(Optional) Running a custom text extraction job sweep for existing documents

You can create a document class subscription for persistent text extraction. After you create the subscription, text is automatically extracted from any new documents that are added to the object store, which belong to the subscribed document class. However, you need to run a custom text extraction job sweep for existing documents that were added to the object store before the subscription was created.

Before you begin

You need to have the following permissions for all existing documents for which you want to extract text:
  • READ
  • WRITE
  • LINK
  • VIEWCONTENT

About this task

Configure and run a custom job sweep for text extraction to extract text for existing document content.

Procedure

  1. Start the New Custom Job wizard in the Administration Console for Content Platform Engine (ACCE):
    1. In the domain navigation pane, select the object store.
    2. In the object store navigation pane, select the Sweep Management > Job Sweeps > Custom Jobs folder.
    3. Click New.
      You can configure the new custom job sweep to extract text for existing documents.
  2. Enter the name and description for the custom job sweep for text extraction.
    You can name the sweep as Custom Text Extraction Job.
  3. Specify the Custom Sweep subclass as Custom Sweep Job.
  4. Specify the Sweep Mode as Normal.
  5. Select the Enabled property to enable to custom sweep to run.

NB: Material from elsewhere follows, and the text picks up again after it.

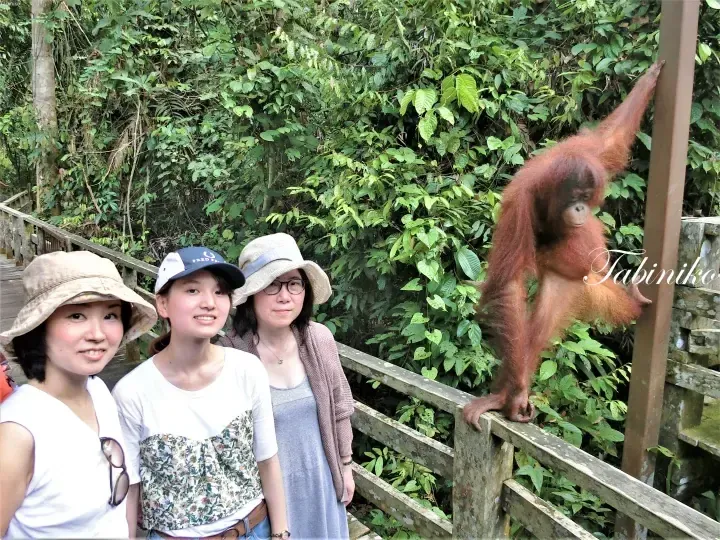 Three women on a wooden boardwalk in a rainforest pose with a young orangutan climbing a railing.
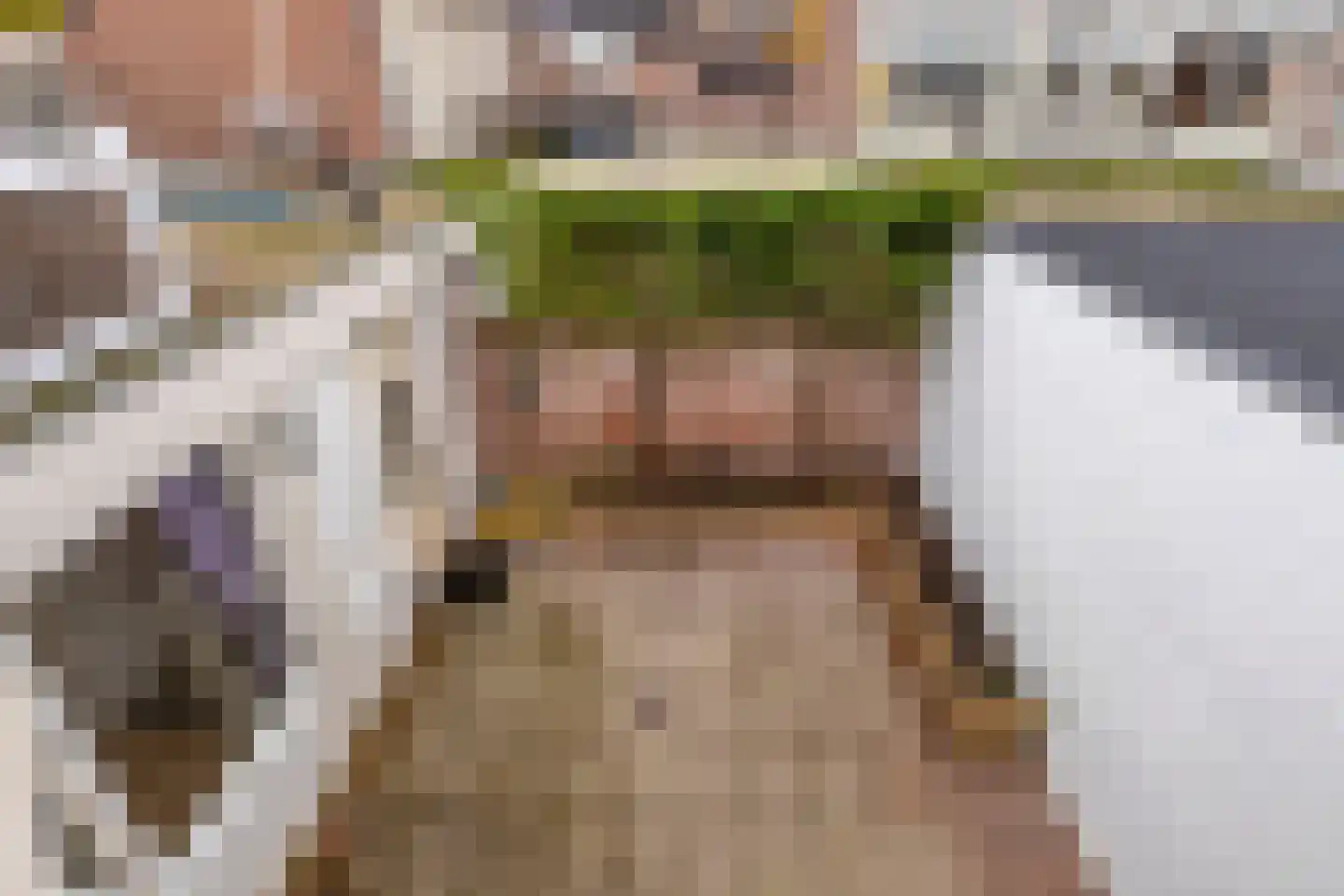 Onze Lieve Vrouweschutsstraat 8 Vlijmen thumbnail 22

Click Next.
  6. Specify the Target Class as Document.
  7. Specify the Filter Expression to filter objects of the selected target class type.
    For example, you can include a filter VersionStatus=1 for document classes that are Released.
  8. Optional: Select Enabled if you want to include subclasses and if you want to record failures.
  9. Specify the Sweep Action as Text Extraction Sweep Action.
  10. Optional: Specify the start and end dates for the custom job sweep.
  11. Complete the wizard.